With this new mode of increasingly fluid word processors, Kirschenbaum notes how “overwritten” literature has become. He writes, “Word processing… encourages authors to overwrite because it is so easy for them to continue revising and embellishing their prose… The charge “overwritten” as brought to bear in this sense is pejorative, shorthand for the combination of efficiency and easy access tat is associated with word processing in the popular imagination” (188). Kirschenbaum discuses the way in which authors can continuously reference back to their writing with the help of these word processors, and rewrite their ideas repeatedly as well as utilize extensive online resources to aid in overly worded texts full of flowery thesaurus fellowships. More interestingly, he also shows how writers can revert back to prior literature and rewrite it as their own. He references Seth Grahame-Smith’s novel Pride and Prejudice and Zombies, which takes Jane Austen’s original pride and prejudice and, with the aid of word processors, replaces chunks of the original to create a newly revised novel based on martial arts prodigy and a monster hunter (191).

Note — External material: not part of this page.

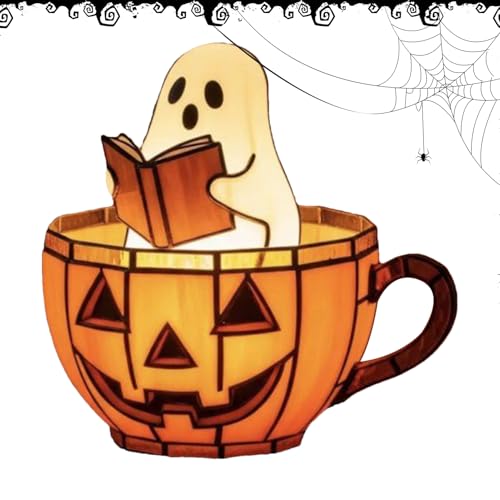 Wuyooprt Halloween Geisterlampe | Gespenst Nachtlicht Halloween Deko | Niedliche Party Deko Harz Nachtlampe für Tisch Wohnzimmer Schlafzimmer Schreibtisch von Wuyooprt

This text too is overwritten with the aid of these new modes of writing, but Kirschenbaum lovingly calls this form of overwriting a “literary remix,” creating a more accessible piece of art to the 21st century audience (192).

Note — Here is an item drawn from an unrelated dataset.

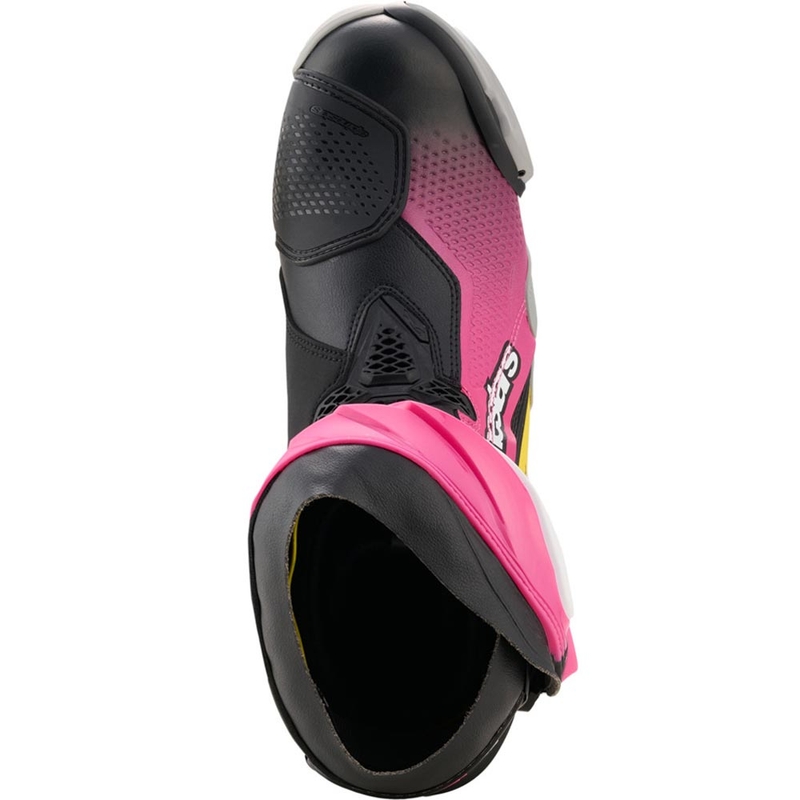 Alpinestars Supertech R motoros csizma fekete-fehér-rózsaszín-sárga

This accessibility of writing given way by word processors comes in more forms than in just the remixing of the words themselves. Kirschenbaum notes that “…The mundane conventions of writers’ computers and word processors are invited into the aesthetic or affective space of their work, thereby offering up new reservoirs of images, tropes, and formal devices.” In other words, with these new modes of writing, come new ways in which to create literary art. Kirschenbaum discusses how layout and font styles have shaped current literature to create a modern twist, and therefore a modern accessibility for this generation of readers. Kirschenbaum uses the novel by Mark Z. Danielewski, House of Leaves, as a great example. Danielewski utilizes a very imaginative layout with words scattered around pages in bizarre borders and different blockings to create a story beyond the words themselves, which he was only able to do with the help of numerous word processors. This mode of imaginative word processing taking the meaning beyond the words themselves is what Kirschenbaum coins as “World Processing” (195). While literature must hold some resistance of older technology to maintain originality and character, word processing’s fluidity does give way to a new form of artistry for writers and a more worldly array of interpretations for the modern reader.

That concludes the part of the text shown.